NASA has released the 1,00,000th image of Mars captured by the Mars Reconnaissance Orbiter (MRO). Shared on Tuesday, the picture features the Syrtis Major region about 80 kilometres southeast of Jezero Crater, the exploration site of Perseverance rover. NASA says the image was captured on October 7 as MRO is nearing 20 years of its operations. It was taken using the High Resolution Imaging Science Experiment (HiRISE) camera from an altitude of between 250-300 kilometres, and shows mesas (flat-topped hills) and dunes of Syrtis Major in great detail.

“HiRISE hasn’t just discovered how different the Martian surface is from Earth, it’s also shown us how that surface changes over time,” Leslie Tamppari, MRO’s project scientist at NASA’s Jet Propulsion Laboratory (JPL), said in a statement. “We’ve seen dune fields marching along with the wind and avalanches careening down steep slopes.”

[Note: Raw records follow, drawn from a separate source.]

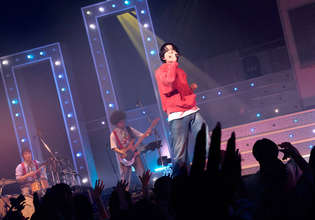 ＡＫＡＳＡＫＩ、１０代最後のライブでメジャーデビュー＆史上最年少ワールドツアーを電撃発表！「今の自分だから届けられるものを」渋谷の街頭もジャック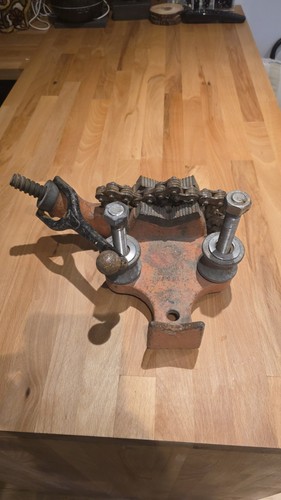 Chain pipe vise - chain,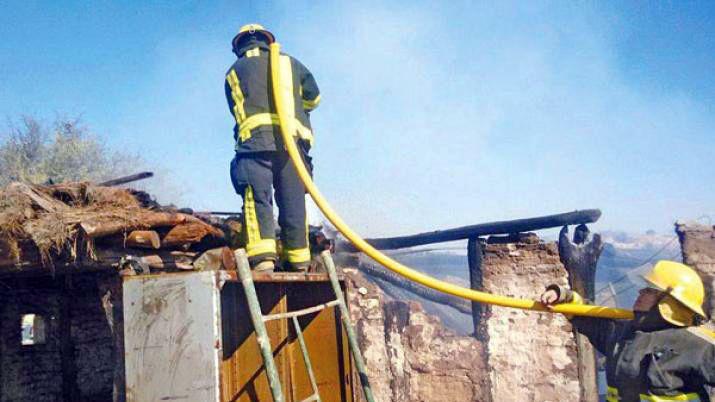 Un hogar fue consumido por un incendio en el departamento Jimeacutenez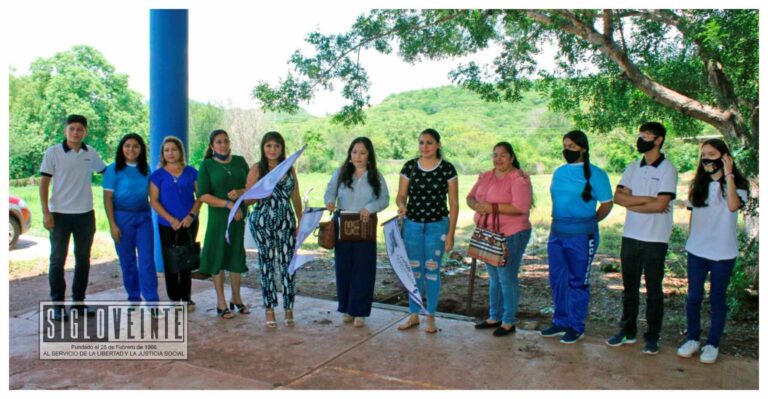 Reitera la alcaldesa de Tiquicheo su apoyo al sector educativo al iniciar la construcción de 3 aulas didácticas en el COBAEM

According to NASA, scientists are analysing the latest image to better understand the source of windblown sand that gets trapped in the region’s landscape and eventually form dunes.
And you thought it was hard to scroll through all the photos on your phone…
NASA’s Mars Reconnaissance Orbiter has snapped its 100,000th image of the surface with its HiRISE camera. More on this milestone image: https://t.co/71CuPgO1Ep pic.twitter.com/4IBr7sNGQ3
— NASA Mars (@NASAMars) December 16, 2025
The agency has also shared a highlight of best images captured by HiRISE that has snapped features ranging from impact craters, sand dunes, and ice deposits to potential landing sites on the Martian surface.
About NASA’s Mars Reconnaissance Orbiter
The orbiter was launched in August 2005 and it entered the Martian orbit in 2006. It is NASA’s second oldest spacecraft orbiting the red planet after Mars Odyssey which is active since 2001. MRO was built to investigate the history of water on Mars. Using its suite of instruments, it photographs the Martian surface, analyses minerals, hunts subsurface water, traces the distribution of atmospheric dust and monitors daily global weather.
The MRO serves another purpose as a data relay platform. It relays data between Perseverance and Curiosity rovers on the Martian surface and Earth using its high gain antenna. Most recently, the mission team at JPL turned the HiRISE camera toward interstellar comet 3I/ATLAS as part of a wider surveillance project.